It is one of those things you never expect your children to say. In fact, it is something they should never say at all. The wishing of the death of someone can be a tragic statement simply because it is an explicit evacuation of love. Imagine for a moment if that is how God felt towards us? The difference between our ability to wish someone dead simply by words and God’s ability is that He could do it. Instead, God gave His son up for sacrifice in lieu of the complete devastation of His creation. That is where God is a perfect father that we can only aspire to be.

Yesterday we stopped at a little place for dinner called Roma Pizza. We grabbed a booth and Eli sat next to me and Ella sat next to Bethany. They take turns on who sits next to momma, no one is ever stoked about sitting next to me. Such is life.

We have to combat the typical behaviors that parents who take their children out to eat must deal with. There is climbing on the booth, peeking over the booth at other people, trying to crawl under the booth. Anything that is not sitting still basically. Eli has this habit of taking his shoes off despite our multiple commands to keep them on and once again he did this. I told him get his shoes off the floor and get them back on.

His cheerful “Okey dokey!” before disappearing under the table gets him out of a lot of trouble. A few moments after he went to put his shoes on, this awful howl of pain came from beneath the table as Ella had kicked him in the knee. Normally this would not be a huge deal and we’d just tell her to apologize and keep her hands (or in this case feet) off of him. The problem is that the knee she kicked him in had a large crusty scab on it from a fall he had taken a week or so ago. His skin split the scab and the wound weeped a bit of blood which threw him in to a new squall of hysterics.

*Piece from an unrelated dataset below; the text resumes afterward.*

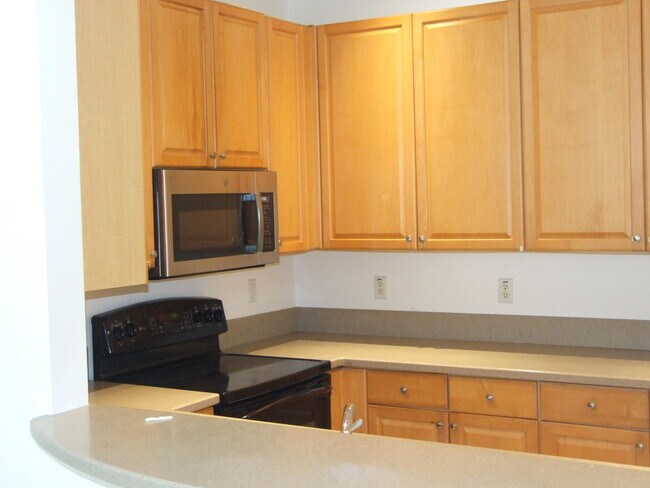 Foto del edificio - 1554 Limetree Bay Ave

I’m far from a perfect parent  and I’m not going to pretend to be. Ella received the ninja-eyed gaze of an angry daddy because she had already been in trouble before we had entered the restaurant for talking back in a disrespectful manner. So when she kicked his knee I assumed (yeah I know the age old adage) that she had done it to be spiteful. I could have been wrong there, she’s kicked him while he was under the table before, he’s kicked her too, like I said, not a perfect papa.

Regardless of that, she got upset and angry and then uttered words that really break my heart, “I wish you were dead.”

So you take a breath, let it roll off your back even though you may want to breakdown or become angry. Your knee-jerk reaction to that really can be an indicator for how you parent under duress. She put her head down and Bethany rubbed her back. I did not say a word because I know those things were said in anger and she may have felt like she meant them but really she did not. It is an unresolved issue that we will discuss tonight when I get home but I want to use that as a tool to teach her.

I’ve told her before that hate is a very strong emotion and one that was a part of the reasons Jesus was killed. He was challenging the status quo and basically telling the Pharisees, “Guys, you got this all wrong.”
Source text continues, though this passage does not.